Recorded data
------------------------------------------------------------

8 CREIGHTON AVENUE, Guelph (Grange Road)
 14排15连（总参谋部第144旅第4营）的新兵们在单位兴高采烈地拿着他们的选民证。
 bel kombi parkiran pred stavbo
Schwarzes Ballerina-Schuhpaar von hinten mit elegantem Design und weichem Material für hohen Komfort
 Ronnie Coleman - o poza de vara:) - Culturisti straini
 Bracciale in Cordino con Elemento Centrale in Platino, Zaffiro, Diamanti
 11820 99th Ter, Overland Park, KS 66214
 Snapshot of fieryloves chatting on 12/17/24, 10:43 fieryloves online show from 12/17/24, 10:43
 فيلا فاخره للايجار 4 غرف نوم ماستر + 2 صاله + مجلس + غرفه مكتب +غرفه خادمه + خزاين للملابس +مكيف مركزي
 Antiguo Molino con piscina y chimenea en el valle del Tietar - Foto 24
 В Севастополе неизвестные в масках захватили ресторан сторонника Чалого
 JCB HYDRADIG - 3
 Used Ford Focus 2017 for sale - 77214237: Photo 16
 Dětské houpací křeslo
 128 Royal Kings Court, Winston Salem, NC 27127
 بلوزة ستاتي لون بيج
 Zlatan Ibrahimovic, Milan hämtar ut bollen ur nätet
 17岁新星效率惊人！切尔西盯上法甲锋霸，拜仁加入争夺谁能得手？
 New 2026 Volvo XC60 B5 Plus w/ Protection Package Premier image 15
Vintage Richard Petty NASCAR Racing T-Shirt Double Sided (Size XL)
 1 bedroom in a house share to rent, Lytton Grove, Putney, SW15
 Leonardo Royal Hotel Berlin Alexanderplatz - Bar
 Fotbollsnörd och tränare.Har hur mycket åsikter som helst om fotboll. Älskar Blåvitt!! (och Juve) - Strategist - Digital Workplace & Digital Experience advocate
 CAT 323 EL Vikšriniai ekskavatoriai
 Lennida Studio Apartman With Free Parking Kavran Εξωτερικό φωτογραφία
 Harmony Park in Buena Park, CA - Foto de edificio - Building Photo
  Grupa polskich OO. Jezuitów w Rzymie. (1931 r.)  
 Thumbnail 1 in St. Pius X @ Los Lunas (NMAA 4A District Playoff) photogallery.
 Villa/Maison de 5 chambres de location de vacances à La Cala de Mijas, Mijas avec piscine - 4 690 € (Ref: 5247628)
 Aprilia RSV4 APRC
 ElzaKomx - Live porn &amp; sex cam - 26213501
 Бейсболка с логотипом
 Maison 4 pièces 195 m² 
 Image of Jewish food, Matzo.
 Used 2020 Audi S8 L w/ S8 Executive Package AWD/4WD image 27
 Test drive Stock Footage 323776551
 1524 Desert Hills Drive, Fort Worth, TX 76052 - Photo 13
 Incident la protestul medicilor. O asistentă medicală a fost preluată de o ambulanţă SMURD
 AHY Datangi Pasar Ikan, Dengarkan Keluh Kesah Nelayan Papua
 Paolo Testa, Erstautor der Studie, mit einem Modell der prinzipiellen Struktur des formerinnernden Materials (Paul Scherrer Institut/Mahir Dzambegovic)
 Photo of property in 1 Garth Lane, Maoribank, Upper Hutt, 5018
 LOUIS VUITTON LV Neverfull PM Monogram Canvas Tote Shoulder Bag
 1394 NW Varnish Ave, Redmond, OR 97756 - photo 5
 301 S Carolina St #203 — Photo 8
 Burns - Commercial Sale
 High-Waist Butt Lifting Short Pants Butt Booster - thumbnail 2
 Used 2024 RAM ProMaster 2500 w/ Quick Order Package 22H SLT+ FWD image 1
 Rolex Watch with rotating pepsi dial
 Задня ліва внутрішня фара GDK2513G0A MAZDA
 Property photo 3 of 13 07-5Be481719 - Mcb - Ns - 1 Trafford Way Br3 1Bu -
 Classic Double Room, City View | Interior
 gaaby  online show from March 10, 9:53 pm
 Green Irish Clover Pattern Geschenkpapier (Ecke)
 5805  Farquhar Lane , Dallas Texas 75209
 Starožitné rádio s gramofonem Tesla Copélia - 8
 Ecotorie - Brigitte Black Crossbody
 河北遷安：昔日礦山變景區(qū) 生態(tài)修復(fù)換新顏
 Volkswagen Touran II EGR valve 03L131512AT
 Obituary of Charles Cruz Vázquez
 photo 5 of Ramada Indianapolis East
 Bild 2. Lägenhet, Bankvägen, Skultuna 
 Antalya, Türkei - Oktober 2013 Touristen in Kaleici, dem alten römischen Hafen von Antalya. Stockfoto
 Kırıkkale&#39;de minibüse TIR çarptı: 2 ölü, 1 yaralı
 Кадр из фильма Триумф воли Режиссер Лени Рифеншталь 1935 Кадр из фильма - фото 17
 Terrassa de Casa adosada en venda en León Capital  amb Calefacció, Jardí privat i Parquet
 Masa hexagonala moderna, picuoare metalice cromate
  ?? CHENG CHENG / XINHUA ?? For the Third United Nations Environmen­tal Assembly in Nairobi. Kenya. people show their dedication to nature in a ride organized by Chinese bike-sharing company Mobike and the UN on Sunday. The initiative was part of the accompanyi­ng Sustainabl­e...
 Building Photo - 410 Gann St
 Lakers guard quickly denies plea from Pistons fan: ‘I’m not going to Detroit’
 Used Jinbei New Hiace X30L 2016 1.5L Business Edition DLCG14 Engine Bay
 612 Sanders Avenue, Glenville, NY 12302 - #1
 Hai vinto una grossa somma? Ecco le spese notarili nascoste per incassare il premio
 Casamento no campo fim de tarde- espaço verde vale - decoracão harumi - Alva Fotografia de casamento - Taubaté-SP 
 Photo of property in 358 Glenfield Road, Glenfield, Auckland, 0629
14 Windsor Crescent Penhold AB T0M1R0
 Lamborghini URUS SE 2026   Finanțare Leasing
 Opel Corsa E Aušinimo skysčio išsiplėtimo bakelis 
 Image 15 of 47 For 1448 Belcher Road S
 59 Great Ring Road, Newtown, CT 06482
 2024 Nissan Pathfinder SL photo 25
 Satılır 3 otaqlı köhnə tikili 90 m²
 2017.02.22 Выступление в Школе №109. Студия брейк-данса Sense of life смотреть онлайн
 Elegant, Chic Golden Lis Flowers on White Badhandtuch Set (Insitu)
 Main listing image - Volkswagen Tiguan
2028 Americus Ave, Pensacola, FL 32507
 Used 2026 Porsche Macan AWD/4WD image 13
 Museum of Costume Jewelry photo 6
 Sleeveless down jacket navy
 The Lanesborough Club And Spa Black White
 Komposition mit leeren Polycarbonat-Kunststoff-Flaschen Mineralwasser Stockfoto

------------------------------------------------------------

The output should be exactly the lines above from the line containing "Villa/Maison de 5" to the line containing "Used 2020 Audi", inclusive, with no other lines.

=== Solution to this task ===
 Villa/Maison de 5 chambres de location de vacances à La Cala de Mijas, Mijas avec piscine - 4 690 € (Ref: 5247628)
 Aprilia RSV4 APRC
 ElzaKomx - Live porn &amp; sex cam - 26213501
 Бейсболка с логотипом
 Maison 4 pièces 195 m² 
 Image of Jewish food, Matzo.
 Used 2020 Audi S8 L w/ S8 Executive Package AWD/4WD image 27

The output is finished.